Le coup de sang de Hurhangee passé, l’ancien juge l’interroge sur ce qu’il sait des accusations de Peroomal Veeren au sujet de l’argent de la drogue utilisé pour payer des avocats mais aussi financer la campagne de Pravind Jugnauth. De source sûre,  l’avocat croit savoir que c’est Gulbul qui a suggéré au trafiquant de drogue emprisonné de porter des accusations contre le Premier ministre. Une information qu’il a souhaité communiquer au Premier ministre, mais celui-ci n’a pas donné suite aux demandes de rendez-vous, révèle le témoin.

Mais pourquoi Gulbul ferait-il cela ? se demande Lam Shang Leen. Huranghee a sa petite idée : la réputation du membre du MSM étant déjà salie, il a voulu en faire de même pour le Premier ministre pour qu’ils soient «in the same basket».

Avant qu’Hurhangee ne cède sa place à Golamaully, Sam Lauthan l’interroge également. Pourquoi n’a-t-il pas vérifié ce qu’il y avait dans le sac noir ? Le témoin s’emporte à nouveau. Disant avoir appris que son confrère et lui «were being betrayed» par Gulbul, pour qui ils avaient beaucoup de respect.

«But he failed us. Playing with our reputation. So cheap, it’s very low to do that to another member of the bar. He should go and hang himself» termine-t-il. «You’re very bitter with your mentor», remarque le président de la commission qui s’étonne qu’il ne se soit rebiffé qu’après deux ans. Huranghee affirme qu’il ne savait pas qu’il avait finalement affaire à une «crooked person with a crooked mind».
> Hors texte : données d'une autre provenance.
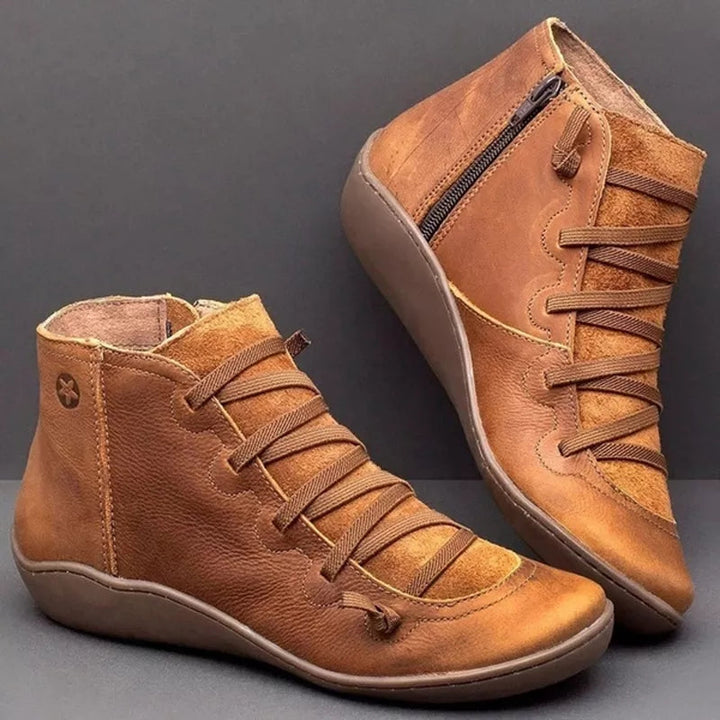 Isla | Hochwertige  Leather Winterstiefel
Après l’ancien deputy campaign manager de Gulbul, c’est au tour de son ancien campaign manager de déposer. Samad Golamaully dit avoir eu une «very close relation» avec l’ancien candidat du MSM, aussi bien sur le plan personnel que professionnel. D’ailleurs, il raconte qu’étant encore au MMM, Raouf Gulbul lui avait dit qu’il était prêt à se jeter dans la bataille électorale dans le camp du MSM à la seule condition qu’Hurhanghee et lui dirigent sa campagne.

L’ancien campaign manager de Gulbul corrobore certaines affirmations de Hurhangee comme le fait que c’est Noor Hussenee qui s’occupait de ses finances et non la régionale du MSM. Il confirme également que les autres candidats de l’Alliance Lepep dans la circonscription Port-Louis Maritime/Est avaient gardé leurs distances vu la présence remarquée de bouncers et de repris de justice autour de Gulbul.

Le témoin critique également «l’arrogance» de l’homme qui se voyait Deputy Prime minister de l’Alliance Lepep. «It was hell, it was imposssible», explique-t-il en décrivant un candidat «difficult to sell», dans la circonscription no 3.

L’audition s’oriente vers le soir de la rencontre de Gulbul et du maulana Haroon. Le témoin confirme que son chauffeur Salim, Athon Murday, Ashley Hurhangee et lui étaient dans sa voiture. Tandir que Sabiir Gungapersad et Gulbul se trouvaient dans leur 4×4 de campagne. «Gulbul travelled only with Sabiir», précise l’avocat. Mettant à nouveau à mal la version d’Athon Murday à l’effet que c’est lui qui conduisait le candidat.

Golamaully confirme les dires de Hurhangee sur le déroulement de la soirée. Notamment l’arrêt express, qui a duré une minute selon lui, durant lequel Gulbul est descendu prendre un «big black bag», puis est revenu frapper à la vitre du chauffeur de la voiture de Golamaully pour lui demander d’ouvrir le coffre. Celui-ci est alors sorti pour aider le candidat, se souvient l’avocat.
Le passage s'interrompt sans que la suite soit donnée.